In this case, North Carolina has to go back to the drawing board. … It’s really not kind of a groundbreaking ruling or standard. But, I don’t know, at a certain point the court is just going to have to throw up its hands and say, “We can’t police this anymore.”   

At present, it really depends on how Justice [Anthony] Kennedy feels on any given day. And indeed [this] term we’re going to see, potentially, something revolutionary when it takes up a case involving a Wisconsin map — about partisan gerrymandering, no allegations of racial impropriety. But can you use a party designation too much? … It’ll all come down to Justice Kennedy again, and I imagine that this will be a fizzle. Because there really aren’t any manageable standards to apply in those kinds of cases. 

Kokai: As you are analyzing everything that the court did during the past term, are there some trends that you noticed? 

Shapiro: Not really. I mean, in general, every year Supreme Court reporters try to come up with some sort of theme for the term: “Oh, it turned to the left.” “It turned to the right.” “The court’s libertarian moment.” That was my favorite a few years ago.  

But it’s not like the justices, when they’re on summer break, decide collectively or individually, “Oh, let’s move to the right this term. Oh, let’s move to. …” Even Justice Kennedy. He’s not saying, “Oh, I was too liberal this term. I need to be. …” No, it’s just a function of the amalgam of cases on their docket. 

Now, the court does pick its own docket. So if it feels that the administrative agencies are going way too out of whack, either to the left or to the right, and they need to slap them down, well, you know, that’ll result in a certain set of results in a certain way.  

And this term, in particular, the cases were lower-key. There were fewer of them. … In history, this is the lowest production of opinions after arguments: 62. So they’re doing a very good job of putting themselves out of business.   

It’s a great job if you can get it, you know. You have the smartest young lawyers in America working for you. You get your summers off to go to Europe, and you only produce 62 opinions. I mean, it’s great. But anyway … the trend is: return to the status quo from before Scalia’s death.   

So we had this weird interregnum of eight justices, where many cases were decided much more narrowly than they otherwise would be. Many cases simply weren’t taken because the court wanted to avoid having those ungainly 4-to-4 splits that don’t decide anything.   

We’re waiting really for the next vacancy. Because, if, whenever Justice Kennedy decides to retire … or when Justice [Ruth Bader] Ginsberg departs the court, if it’s [Donald] Trump or another Republican president who makes that replacement, then the court will shift to the right and Chief Justice [John] Roberts will be the swing vote, as it were. 

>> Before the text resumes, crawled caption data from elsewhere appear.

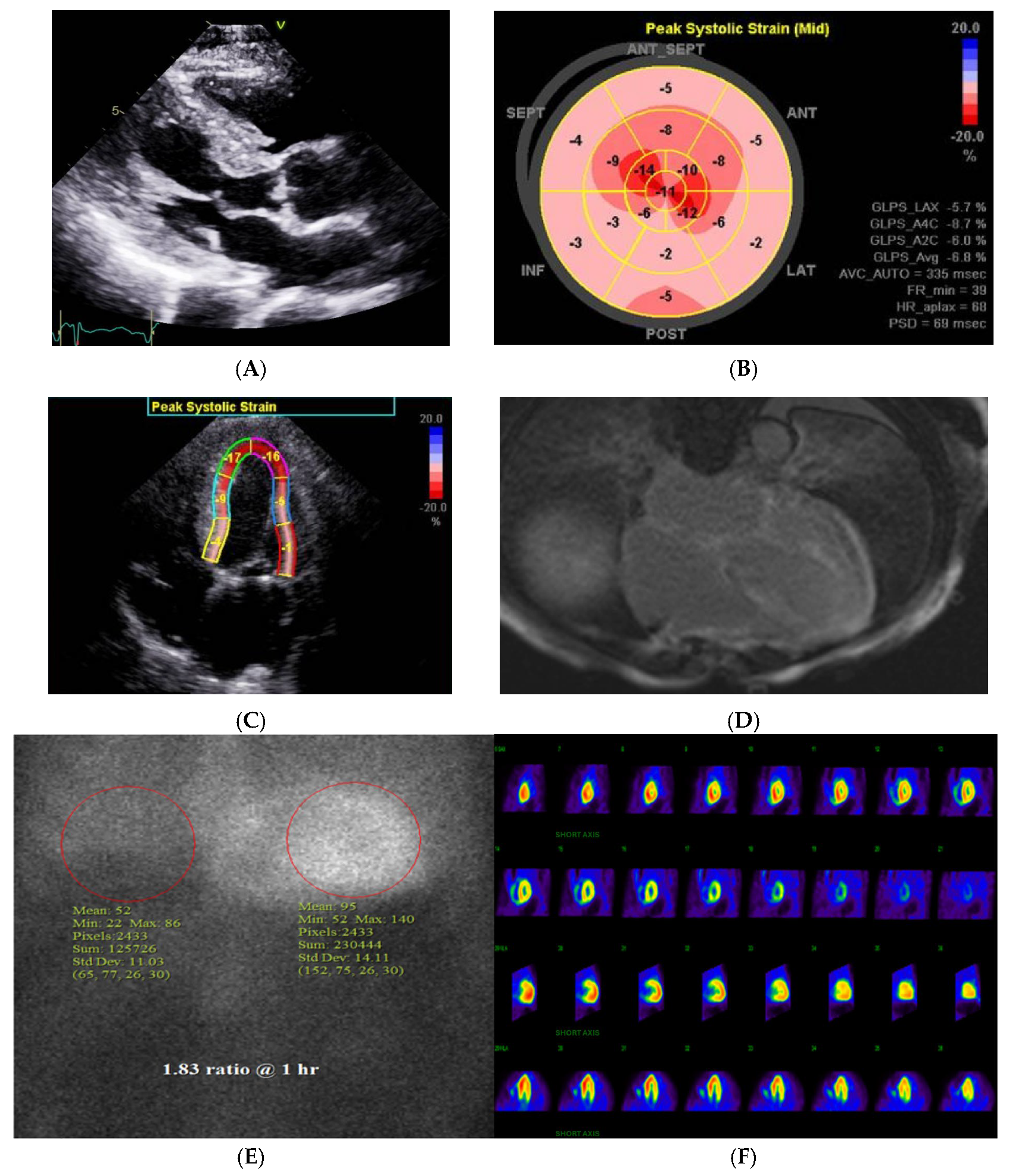 Labmed 02 00013 g002
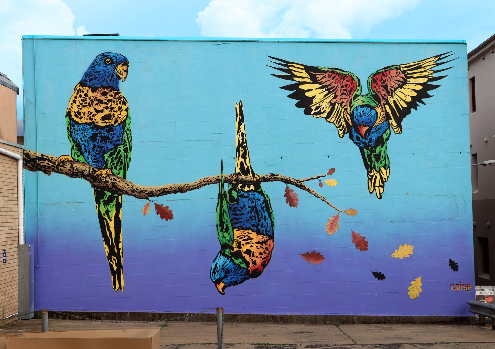 Three-vibrant-Rainbow-Lorikeets---Crisp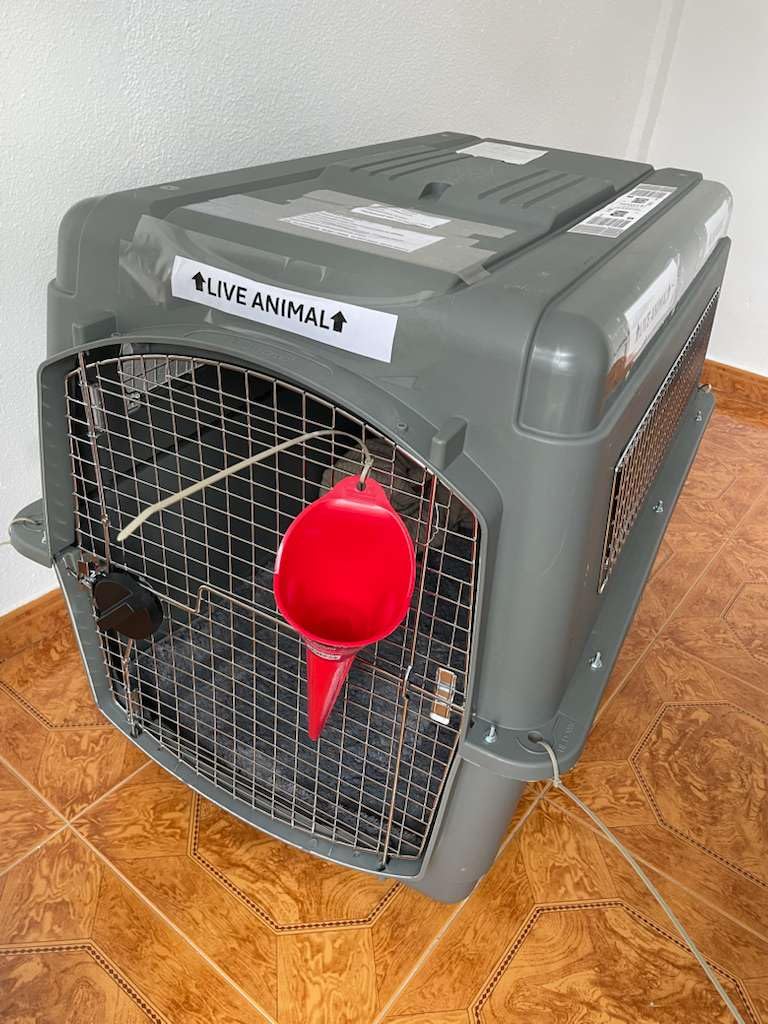 Petmate Sky Kennel, for Air Travel, 36in Dog Crate for Pets 50 to 70lbs customer photo 1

Kokai: I was going to ask you about the fact that we had the dog that didn’t bark, and that was that no justice decided to retire, which obviously means we’re going to have the same court coming back. … As the court does prepare to come back, what are some big cases that will be on its docket for the next term? 

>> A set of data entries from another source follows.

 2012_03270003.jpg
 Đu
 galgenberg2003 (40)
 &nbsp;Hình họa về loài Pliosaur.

Shapiro: We’re going to go back to what we’ve been expecting the last few years, which is essentially a blockbuster term of the century. I think this is going to be our seventh one this decade, something like that. A number of big cases.   

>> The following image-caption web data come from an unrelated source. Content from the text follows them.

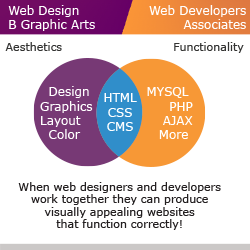 infographic web design & development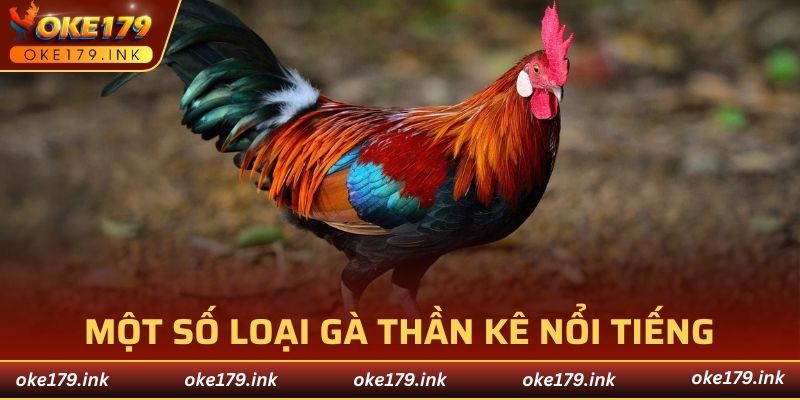Một số loại gà thần kê nổi tiếng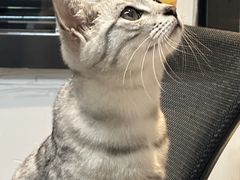 -御宝贝·A梦猫科宠物医院(国际猫友好医院)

I mentioned the political gerrymandering [case] out of Wisconsin. The biggest criminal law case involves cell phone site location information. When you’re walking around, all of us have these phones in our pockets, and they’re pinging off towers. That information, that data, not who you talk to or your text messages, but where you are, is recorded by Verizon or T-Mobile or whoever you use. Do the police need a warrant to get at that information? Traditionally, if you’re analyzing it like, well, do you … speak loudly and people can overhear you? That’s all up for grabs in the public.   

But it’s called the third-party doctrine because you’re giving this information to the third party, to your provider. But, you know, is there an expectation of privacy? … Is there an encryption? All of these sorts of issues. Will the police need a warrant? The court treads lightly in these tech cases, but this could be groundbreaking.